I’m really not sure which night this happened, but it was one of my favorite random highlights of the weekend. One night after dinner, my older brother Max and I headed up to our room to get some cigarettes*. As we waited to board an elevator that had just reached the lobby, about ten guys in dress shirts came out. I made the never funny, but always necessary, “What is this, a clown car?” comment. Well, I jumped the gun with this comment in a big way. After I said it at least 15 more guys poured out of the elevator. This elevator couldn’t have been bigger then 10x5 ft. Yet somehow these 25-30 guys managed to squeeze inside of it. For some reason this happened to be the funniest thing I’d ever seen. I was completely sober and I couldn’t stop laughing. I literally giggled for about 3 straight minutes. I’m not sure why this was so funny, or why I’m even writing about it. I guess I just needed to fill space…

Joe Hickle Losing His Soul:

Joe is a very good friend of mine who wasn’t quite the MVP of the weekend, but was certainly the MIP (Most Important Player) of this trip. Joe was everywhere this weekend, which wasn’t necessarily a good thing for him. Things went downhill quickly for young Joseph when he blew $50 on roulette despite being up $125 at one point. That was Thursday afternoon. Joe followed that up just a few hours later with a tremendous showing at the Black Jack tables. Joe’s highlight moment had to be hitting on a 14 with the dealer showing a 6. Predictably, he busted and caused the whole table to lose. He also probably ruined the entire shoe**. Thanks again Joe, you owe me at least the hundred I lost at that table.

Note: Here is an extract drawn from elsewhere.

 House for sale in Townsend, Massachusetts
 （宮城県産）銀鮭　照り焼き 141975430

It should also be noted that before Joe hit, the entire table, as well as the dealer, was yelling at him to stay. Always fun when the dealer steps in to ridicule someone. Other things Joe did last weekend include:

a) Continually pointing out how buff Carrot Top was every time we saw one of his ads. We actually saw Carrot Top walking around the casino late one night. We were all frightened that Joe was going to try to make a move on him. Luckily for all parties involved, Joe froze up. All he could do was excitedly tell us how “ripped” Carrot Top was in person.

b) Stealing money from his friend Mike D (more on him next week). Mike D gave Joe $20 to place a bet for him. Joe, in all his glory, miscalculated his own bets and the took $5 out of the $20 Mike had given him to place his own bet. What a great friend.

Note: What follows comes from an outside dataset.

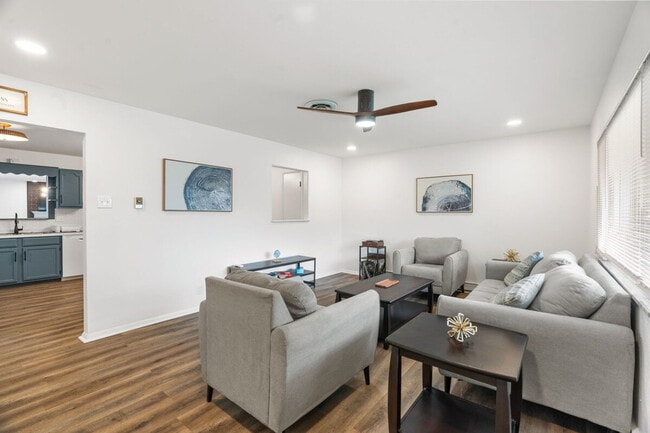 Building Photo - 11814 Flushing Dr Unit SI ID1472877P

While all of the above may lead you to believe otherwise, Joe saved his best for last. On Sunday morning, about two hours before we had to check out, Joe stumbled into our room. He was extremely drunk and hadn’t slept all night. Luckily for him, he passed out in about 30 seconds and was able to sleep for an hour and a half before we had to check out. Needless to say, Joe had a great Sunday and a dynamite weekend. I could probably write a whole lot more about Joe’s weekend, but I’m lazy and I think the man has had his dignity beat up enough in the last 8 days.

Well, that’s it for now. Before I go, please allow me to apologize to Joe for tossing him under the boss for the sake of my blog. I’m sorry Joe, but what happens in Vegas doesn’t always stay there… gawd I hate that slogan.

Until We Meet Again

* Don’t worry dear readers, I’ve quit for good. I’m currently on my 5th day and it’s been incredibly easy. Woot.
** The shoe is the device that a black jack dealer deals all the cards from.